An unusual film weaves a wonderful web


Posted: October 14, 2009

By James Walling - Staff Writer | Comments (2) | Post comment

Telling transcendence

Courtesy Photo

Ensconced in ennui. Brody and Ruffalo battle banality in The Brothers Bloom.

The best hope for American independent cinema today is writer/director Rian Johnson. Crashing into the movie business with 2005's Brick - which he made for half a million dollars - Johnson has taken off creatively, writing an inventive and affecting script for this, his second feature film, and realizing it with brilliant directing, pitch-perfect casting and a kind of magical synchronicity in his collaboration with composer (and cousin) Nathan Johnson.

The Brothers Bloom is a heist film, a romantic comedy and heady drama all in one. The plot follows two brothers as they strive to achieve one seemingly simple thing: to tell a story so well that it becomes real. The brothers are con men, ostensibly the world's greatest, and their lives are graced with money, style and adulation.

But there is trouble in paradise. The younger of the pair, referred to simply as Bloom (Adrien Brody), is disillusioned with a life fraught with deception and unreality. His elder brother, Stephen (Mark Ruffalo), relishes the role of genius master planner, but he's at a loss to cure his kinsman's ennui. He can't hope to continue without his brother's assistance - and, furthermore, he genuinely cares about his brother's happiness - so he agrees not to insist on endlessly pursuing the business of carrying out elaborate scams.

There is a price for his acquiescence, however, and the name of the game is one last con.

The Brothers Bloom
Directed by
Rian Johnson
With Rachel Weisz, Adrien Brody, Mark Ruffalo and Rinko Kikuchi

Enter Penelope Stamp (Rachel Weisz), a beautiful, eccentric heiress who seems to be the perfect mark. With the help of their silent assistant Bang Bang (the spectacular Rinko Kikuchi), the brothers sweep Penelope off her feet and set off on a whirlwind international adventure - among other locales, there is an extensive sequence set in Prague - designed to relieve her of much of her money. However, for a supposed rube, Penelope is not without an allowance of wit, and it's difficult to say whether she is playing along for the adventure of it or if she's genuinely taken in.
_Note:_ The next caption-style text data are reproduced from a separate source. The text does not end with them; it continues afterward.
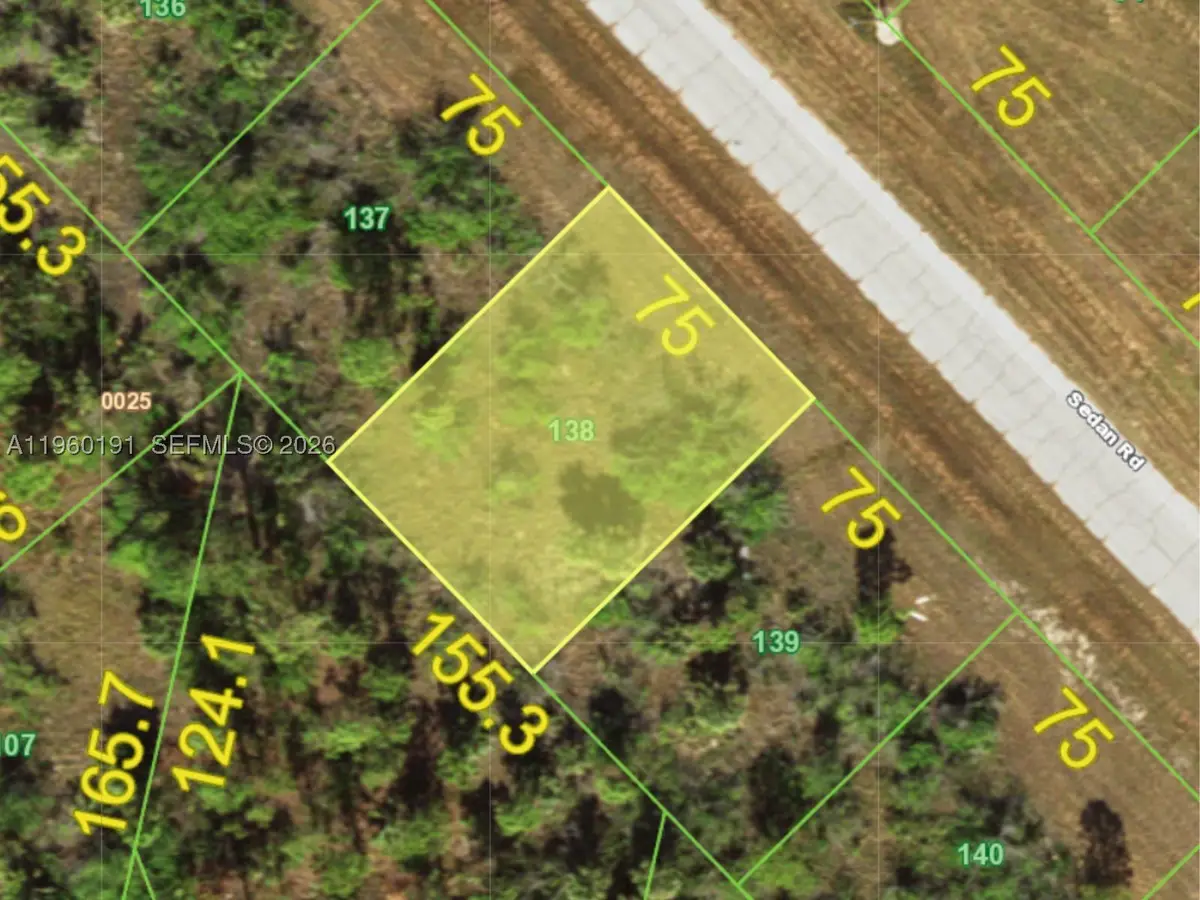 12367 Sedan, Placida, FL 33946 - #1
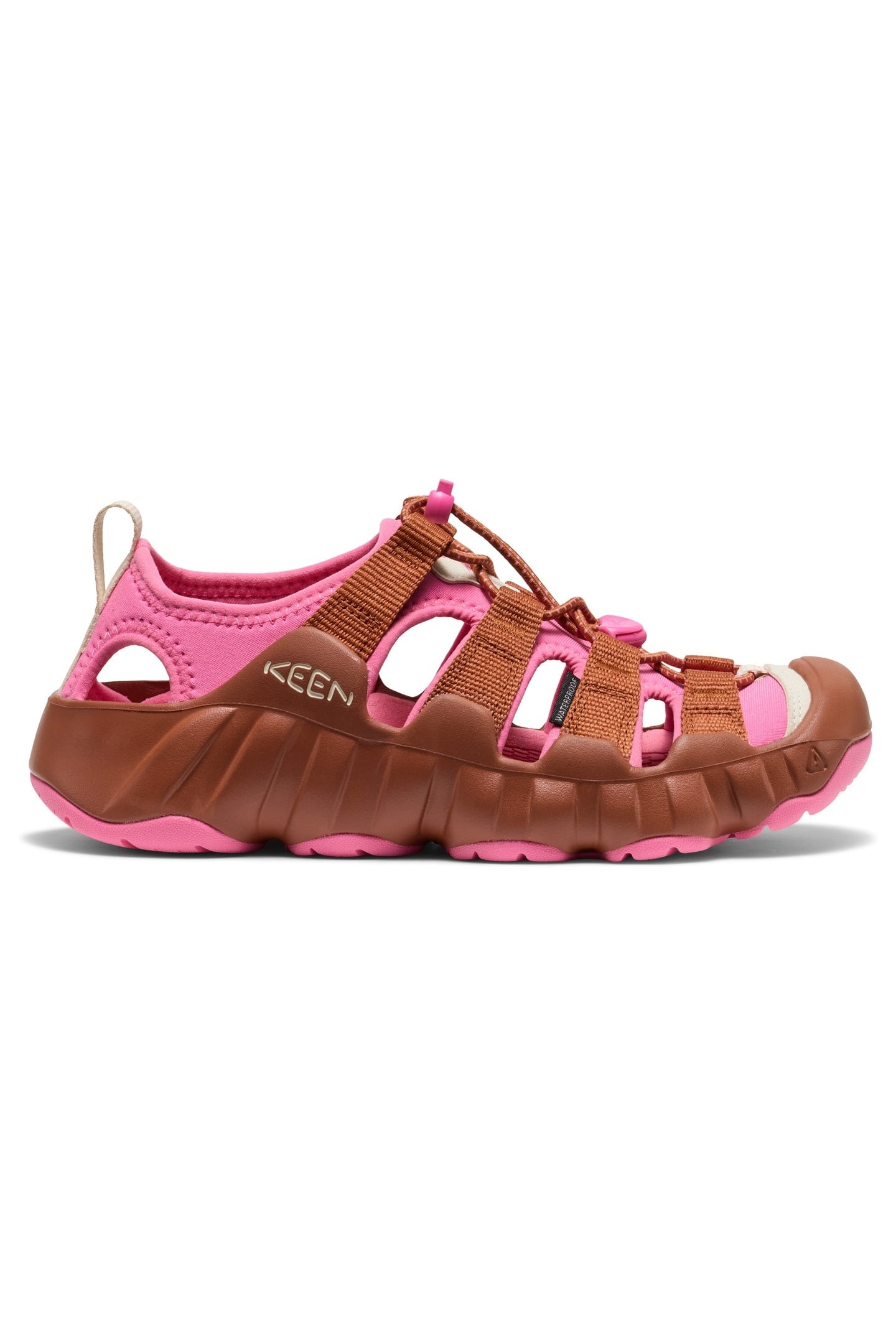HYPERPORT H2 OKENIA PINK 1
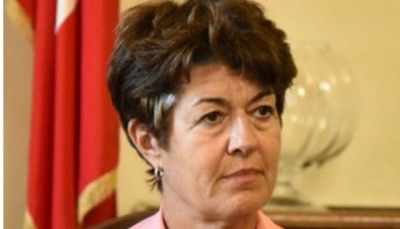 Elena Baio fra i rappresentanti dei Comuni nel CDA del Consorzio di Bonifica di Piacenza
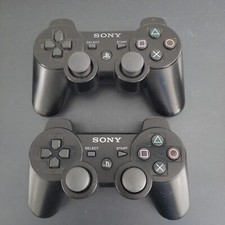 2x Manettes Ps3 Sony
For the con to work, Bloom must seduce Penelope. But she pretty well seduces him, and the pair soon engage in a tentative kind of love.
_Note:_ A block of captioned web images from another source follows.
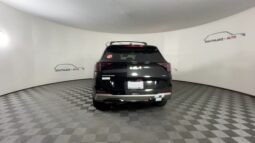 
 Kia Sportage Hybrid full									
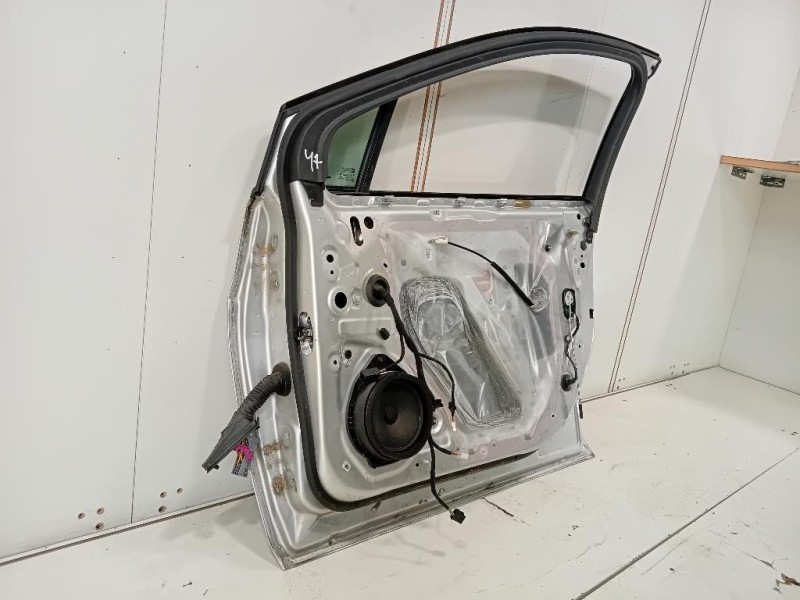 Porta ANT DX 39160868 Opel Astra K 2016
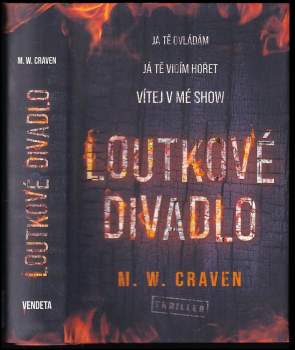 M. W Craven: Loutkové divadlo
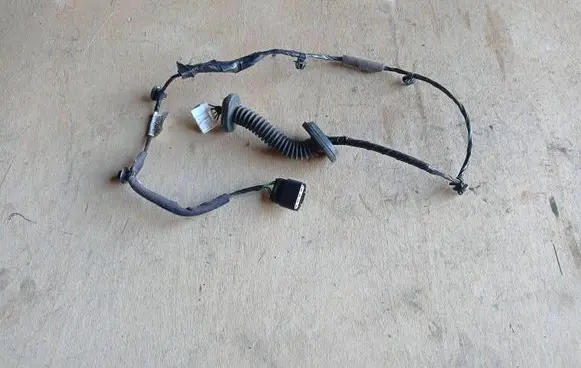 Hyundai i20 (GB IB) Rear door wiring loom 91650C8010 HC8E0493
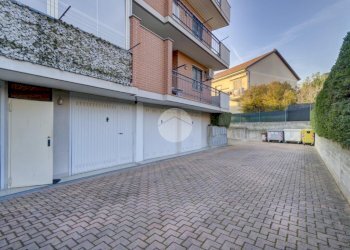 Bilocale Via giacometti, Piossasco - foto 34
With Stephen's elaborate machinations at work behind the scenes, and Penelope issuing forth with lines like, "The trick to not feeling cheated is to learn how to cheat," the true nature of the con is anyone's guess, right up to the very end. But the con isn't really the point. Johnson's film is a paean to the power of storytelling and the paradoxical nature of great art.

While discussing photography, Bloom expounds the cliché, "It's a lie that tells the truth," to which Penelope quickly responds, "I dunno about truth. A photograph is a secret about a secret. The more it tells you, the less you know." They could be talking about the film itself, which bends reality, or at least probability, considerably in places, but somehow manages to be profoundly touching, evoking memories of love and loss as well as happier memories of the triumphs of imagination and passion over the banality of daily life.
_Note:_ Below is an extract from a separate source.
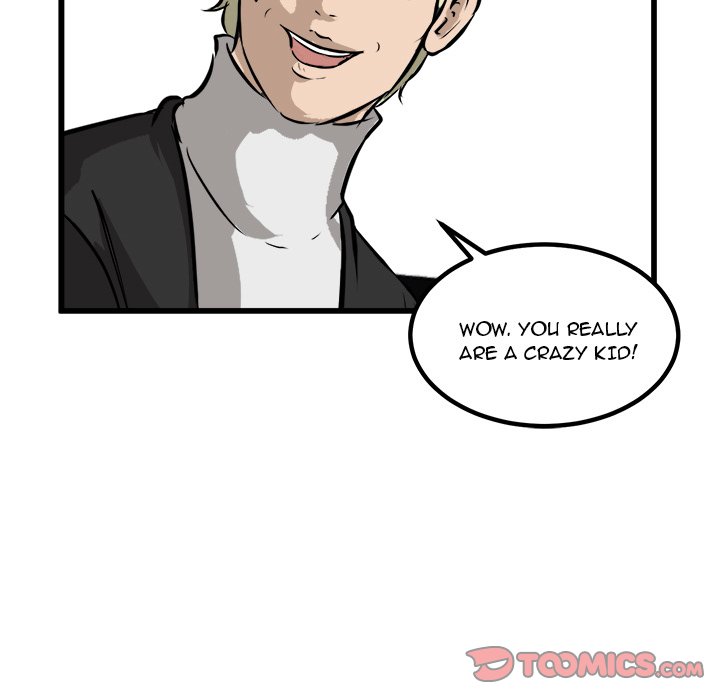 Read He Queen chapter 42 image 20 on Lezhin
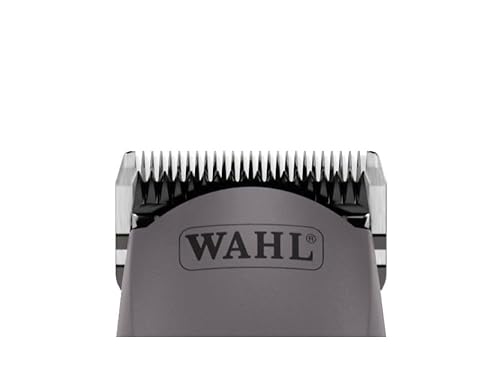 Amazon.com: Wahl Pro Animal KM10+ Corded Clipper - New #10 Prime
Adding to the film's power is a mesmerizing original score by Nathan Johnson, who also scored Brick. The composer has managed to marry beautiful music to characters and moments with great precision (hats off to the team in charge of sound editing).

The Brothers Bloom is teeming with vivid peculiarities, but its quirkiness imbues director Johnson's characters with humanity and adds dimensionality rather than rendering the affair cartoonish. Along with the films of Wes Anderson (Rushmore, The Royal Tenenbaums, The Life Aquatic), one could argue Johnson's films are the American cinematic answer to Magical Realism in literature. Johnson has credited another American auteur of singular merit - Peter Bogdanovich - as a direct influence, citing in particular Paper Moon (1973) as inspiring him to take a fairy-tale approach to writing and directing.

But make no mistake; this is a director with vision, not an imitative hack. With the Coens whiling away recent years with soulless thrillers like No Country for Old Men (2007) and inconsequential  comedies like Burn After Reading (2008), and few if any other writer/directors out there filling the cinematic void, Johnson & Co. are a promising phenomenon. Support their efforts and see this film.